## ACTIVITY
Below are some records. Return exactly their lines from the one containing "Apartment Cozy Near Krizikova Metro" through the one containing "Shine Prywatne Jacuzzi Starowislna *", and drop the pictures.

## DATASET EXTRACT
§

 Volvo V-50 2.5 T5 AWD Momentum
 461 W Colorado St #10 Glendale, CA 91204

§

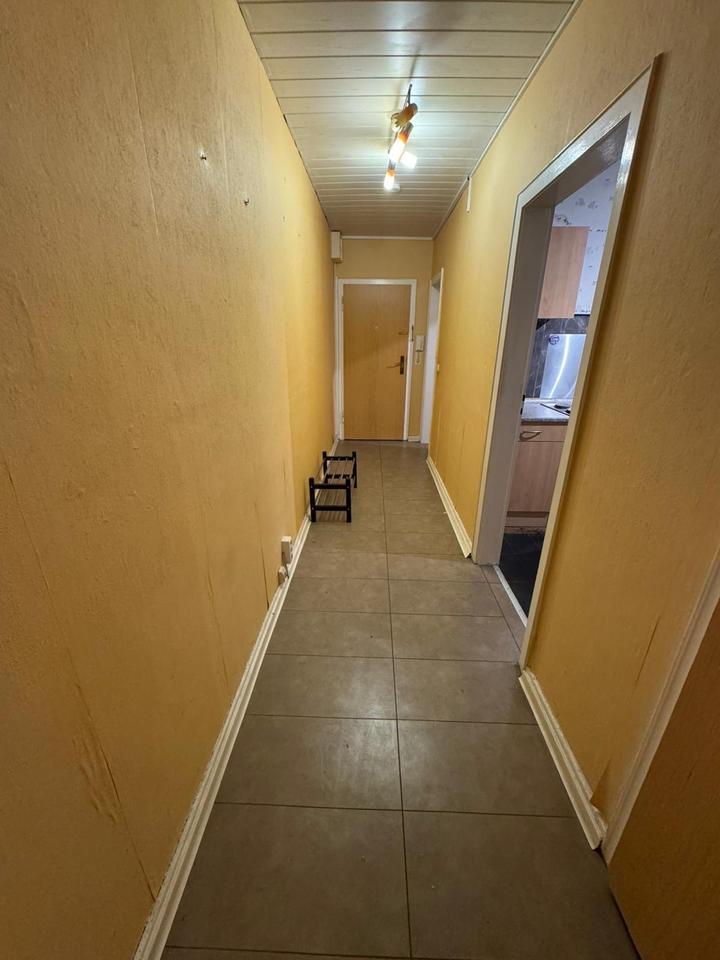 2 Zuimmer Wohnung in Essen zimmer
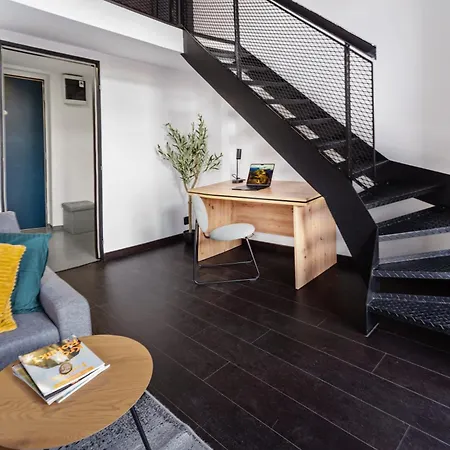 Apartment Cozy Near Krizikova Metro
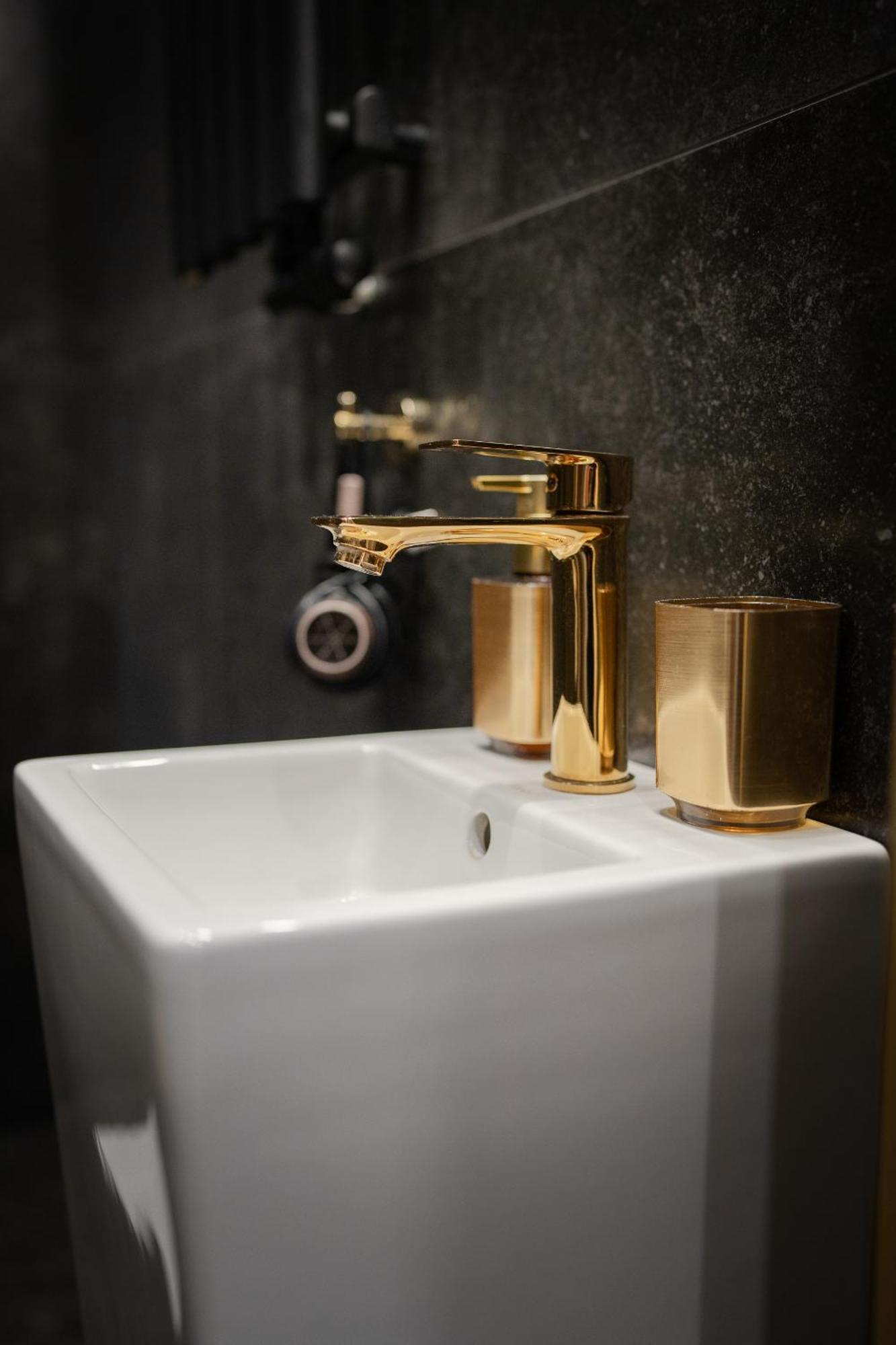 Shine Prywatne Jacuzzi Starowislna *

§

## ANSWER FOR THIS EXERCISE
 Apartment Cozy Near Krizikova Metro
 Shine Prywatne Jacuzzi Starowislna *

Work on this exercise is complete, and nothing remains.